Port of Vancouver making plans, taking community input on redevelopment of Terminal 1 site
By Shelby Sebens, May 31, 2015, The Columbian
From Sunday morning music and art along an extended walkway to highlighted historical preservation, visions to revitalize the Port of Vancouver’s Terminal 1 waterfront property are beginning to take shape.
“Everything’s on the table at this point,” said John Savo, principal of Seattle-based consulting group NBBJ, during a brainstorming workshop Tuesday at the Port of Vancouver commission’s meeting.
The port has hired NBBJ for up to $300,000 to write a master plan outlining potential commercial, retail and public uses at the 13-acre downtown waterfront site between Columbia and Esther streets.
The workshop, which included NBBJ staffers, commissioners and community members, was a bit of a “brain dump,” in Salvo’s words — a conversation about what type of transformation the commissioners and the public would like to see at the Port’s Terminal 1 property.
The workshop was the first in a planned series of public input meetings aimed at completing a master plan for the property by late fall. While the three commissioners want NBBJ to come back with a “menu of choices,” their direction was clear. The port wants the site plan to include both commercially viable and new improvements, as well as a nod to the historical value of the site.

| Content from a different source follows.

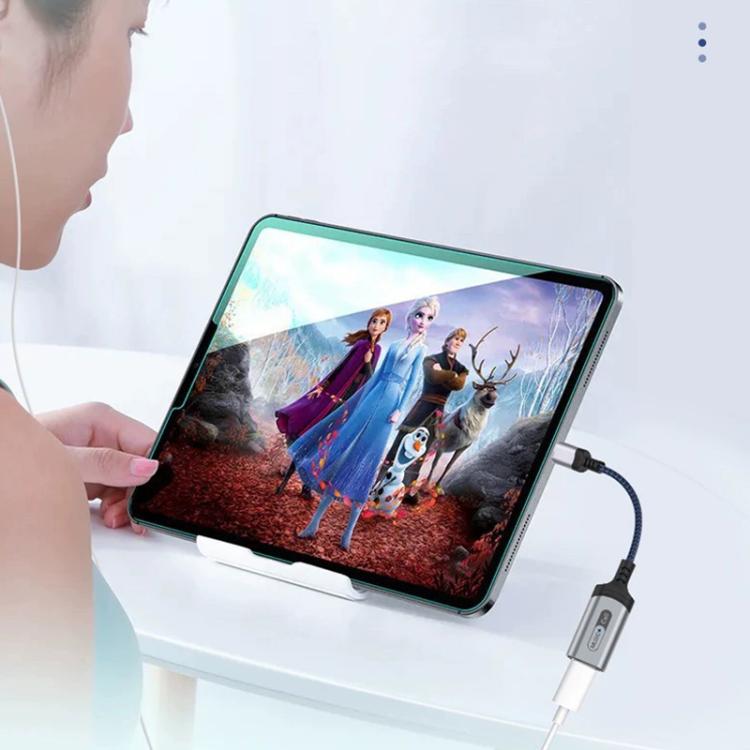 MH-306 USB-C / Type-C to 8 Pin Audio Earphone Adapter with Indicator Light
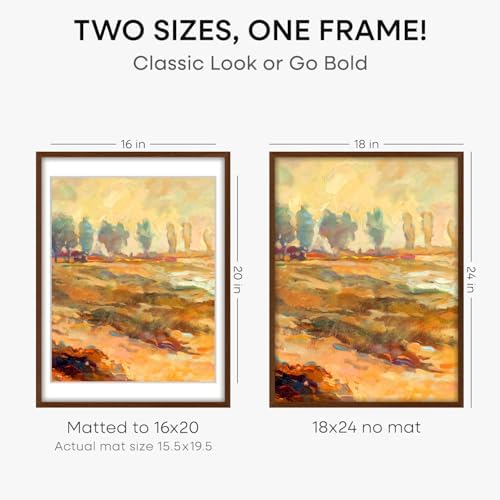 Homeforia 18x24 Brown Oak Poster Frame, High-End Wood, 16x20 Mat, Glass - Image 2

“It’s mainly a place of both the past and future coming together to help tell the story of Vancouver,” Savo said, summing up input from the workshop and previous meetings with community stakeholders.
The port has also hired Leland Consulting Group of Portland for a contract not to exceed $250,000 to help develop a mixed-use building at Terminal 1. The new structure is to include space for Red Lion Hotels Corp., which now operates the Red Lion Hotel Vancouver at the Quay at the port-owned site. The port is meeting with Red Lion to negotiate a new financial agreement.
Commissioner Nancy Baker said highlighting and preserving the waterfront’s historical value should be high on the list of priorities for the site. She noted towns that include historical sites and knowledge tend to draw more interest from tourists.
“You realize what happened here, and that was very important at that time,” she said. “We need to maintain those type of things.”
More information about a market analysis for the project and initial development concepts will be presented at the commissioners’ June 18 board meeting. A public workshop on that date is set from noon to 1:30 workshop at the commission’s offices, 3103 N.W Lower River Road, Vancouver.
Major goals of the project are improving access to the waterfront and connecting it with downtown Vancouver by finding ways to work with natural and man-made dividers, such as the railroad berm.
Consultants showed pictures of features from other city waterfronts, from the giant bean at Millennium Park in Chicago to berms transformed into greenwalls and sun-filled walkways between shops and restaurants at Granville Island in Vancouver, B.C.
The idea of making the berm more attractive caught Baker’s attention and reminded her of a time when a woman came to a port meeting, suggesting they put lights and a waterfall on it.
“We all thought she was crazy and the more I think about it, the more I think that wasn’t such a bad, crazy idea,” she said. “It would be wonderful if we could make something like that happen on the berm.”
Audience members and officials noted how unwelcoming the I-5 entrance to Vancouver, the gateway to the city and to the state of Washington, can be.
Port Executive Director Todd Coleman said it’s important to create “that idea of connectivity, that when you see this place, which is the entrance to our state and our community, it makes you want to go to the Convention Center at the Hilton. It makes you want to go to Fort Vancouver, to Beaches.”
Baker emphasized that she doesn’t want the property to exclude anyone.
“I want this whole community to feel comfortable when they come to the waterfront. I do not want it to be another neighborhood,” she said. “I don’t want this piece of property to be somebody’s neighborhood. I want it to be the community’s neighborhood.”
Commissioner Jerry Oliver said he wants to ensure that public input is included in the process. The commissioners took comments from the audience at the workshop and plan to hold an open house for the public from 5 to 8 p.m. July 15 at the amphitheater on the site. The port will also launch a community survey online at an undetermined date.
Nancy Schultz of Vancouver requested a grocery store on the property.
“We live in a food desert,” she said. “I don’t know where people shop if you don’t have a car.”
Carrie Parks of Vancouver said she would like to see a free-speech zone and public art on display along a walkway.
“Put some art in there,” she said. “That makes it fun to walk along there and give you motivation to keep going.”
Oliver emphasized to NBBJ that this should not only be a public asset but also an economic driver for the port.
Port officials said they want to also ensure the Terminal 1 improvements compliment other city parks and projects, as well as Tualatin, Ore.-based Gramor Development’s plan for a $1.3 billion commercial-residential redevelopment of Vancouver’s 32-acre waterfront that looks to include a hotel and a mixed-use building with retail, housing and office space.
Gramor president Barry Cain, who attended the workshop, said he looks forward to the port’s plans and its chance to improve public space.
“We want you to be economically successful just like we want ourselves to be, but you have some opportunities there that we don’t have,” he said. “Together, we can really make this a great waterfront.”